# Barudan pricing vs SWF financing which one is better for beginners in industry?



## NCstartup (Nov 20, 2018)

So my family wants to start an Embroidery business. But we have a few questions that seem to not be answered so far.

1. What is the estimated price of a single head Barudan? Do they offer financing? This is our preferred Machine as we’ve read its the best a has minimum breakdowns but its pricy, how pricy?

2. Barudan has a “Embroidery Start up package” that costs extra with a ton of perloaded designs and accessories for the machine. Has any one gotten this package, do you know the price and do you think it would be enough to start the business without getting outside programs?

3. SWF is our current second choice. Is it a good company? And if so what is there pricing? And how long to there machines last? I know they offer financing but are very vague about it.


----------



## AlypprintstheTee (Mar 29, 2017)

We got the SWF Man 12 not too long ago and we love it! You're looking at around £7000 but the price is worth it. YES was lovely to work with, they got us all setup, showed us what to do and told us to just give them a call if we got into any trouble

It's our first embroidery machine but we're hoping to add more if things go well... fingers crossed!


----------



## gardenhillemb (Oct 29, 2015)

You can contact Barudan directly and ask for a quote. Here in the U.S., I've been hearing that SWF has slipped in customer support.


----------



## NCstartup (Nov 20, 2018)

gardenhillemb said:


> You can contact Barudan directly and ask for a quote. Here in the U.S., I've been hearing that SWF has slipped in customer support.



Thank you for the advice. We are in a small beach town so tech support is super important as we probably wouldn’t be anywhere close to a in person technician.


----------



## NCstartup (Nov 20, 2018)

AlypprintstheTee said:


> We got the SWF Man 12 not too long ago and we love it! You're looking at around £7000 but the price is worth it. YES was lovely to work with, they got us all setup, showed us what to do and told us to just give them a call if we got into any trouble
> 
> It's our first embroidery machine but we're hoping to add more if things go well... fingers crossed!

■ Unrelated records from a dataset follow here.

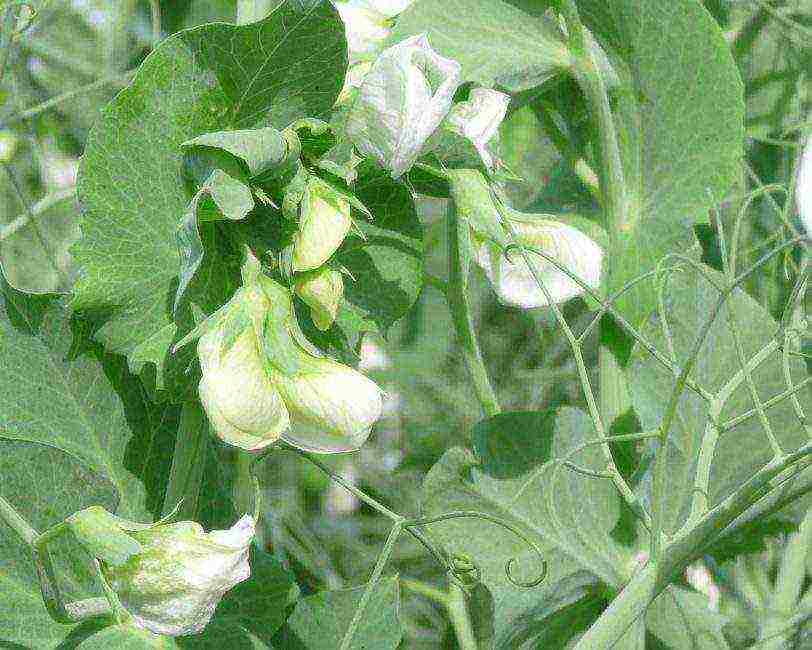 the best varieties of peas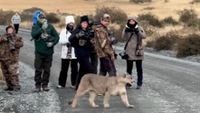 Puma walking in front of group of photographers.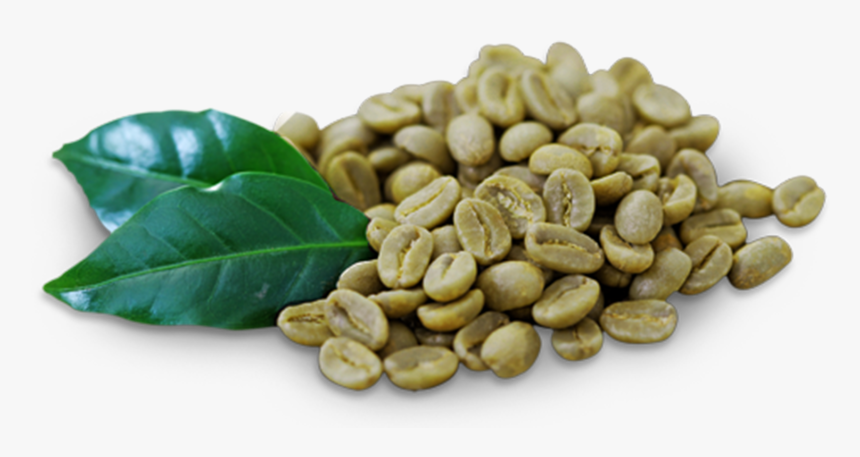 Green Arabica Coffee Beans / Brazilian Coffee Beans For Sale / Ethiopian Arabica Coffee Beans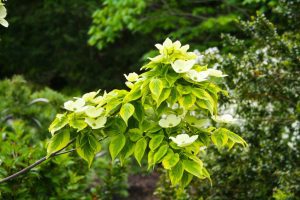 Landscaping Design - Leaves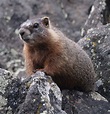 Yellow-Bellied Marmot | Natural Atlas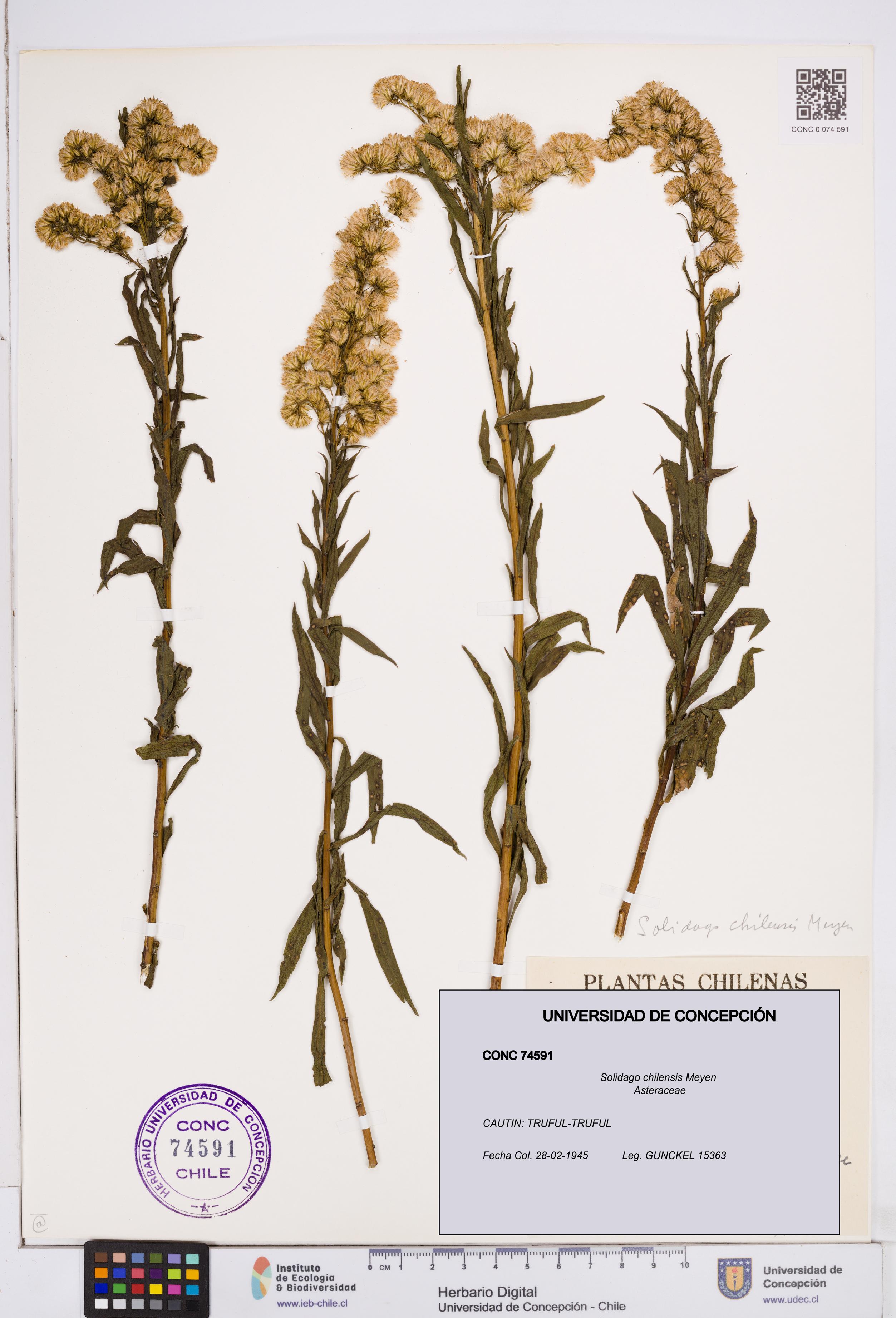 Solidago chilensis [Espécimen: ]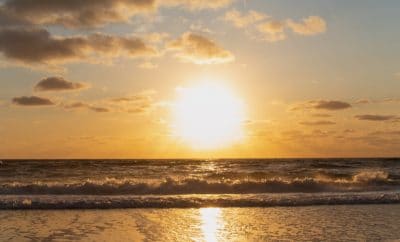 Petten aan Zee – Nordseeurlaub in ruhiger Umgebung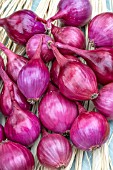 SHALLOT CAMELOT F1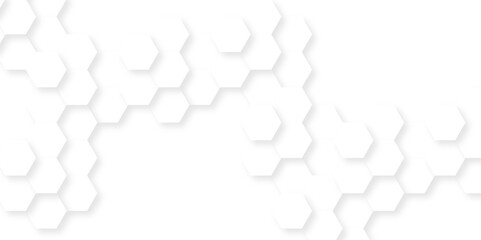 Background with hexagons . Abstract background with lines . white texture background . hexagon abstract background. Surface polygon pattern with glowing hexagon paper texture and futuristic business.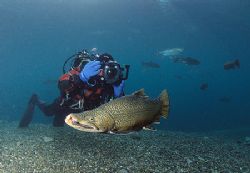Trout & Photographer.
Capernwray - 4'C, February 06.
F9... by Mark Thomas 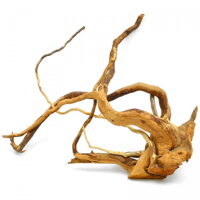Koreň Red Moor wood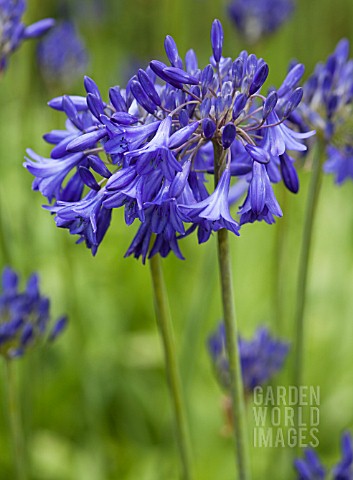 AGAPANTHUS_BRESSINGHAM_BLUE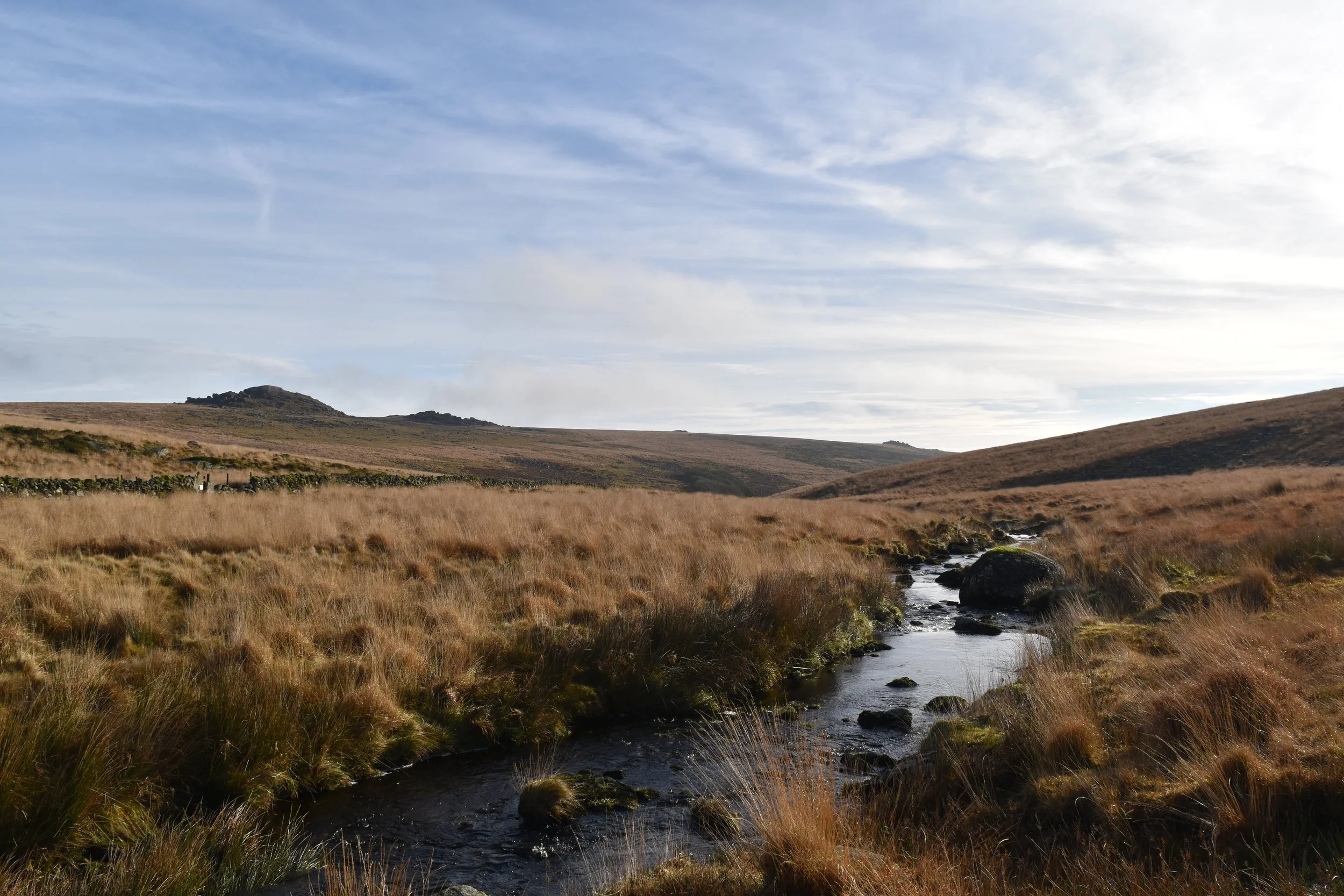 DSC_0445.JPG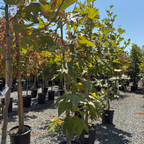 Western Sycamore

Thank you for responding. This is helpful info.


----------



## embrbeginner (Apr 29, 2016)

I've heard the same thing about barudan customer services also. I know because i own a barudan. Their shop sucks and overpriced. They have good machine, however their technology is behind compared to tajima and zsk. I'm sorry i don't know much about swf.


----------



## NCstartup (Nov 20, 2018)

embrbeginner said:


> I've heard the same thing about barudan customer services also. I know because i own a barudan. Their shop sucks and overpriced. They have good machine, however their technology is behind compared to tajima and zsk. I'm sorry i don't know much about swf.


So would you suggest a Tajima?


----------



## Diesel Tuner (Jan 7, 2013)

I have the Tajima machines and just purchased a new model. I haven't had any problems with the machine. I saw a new feature that was available with the machine through a firmware update. I called for tech support and gave them my information. Not even fifteen minutes later their technician called me back I told him what I wanted. He email me the firmware file and the complete instructions on how to do it. He also included some custom setting to make the machine do more for me. I will buy another Tajima machine when the time comes for me. 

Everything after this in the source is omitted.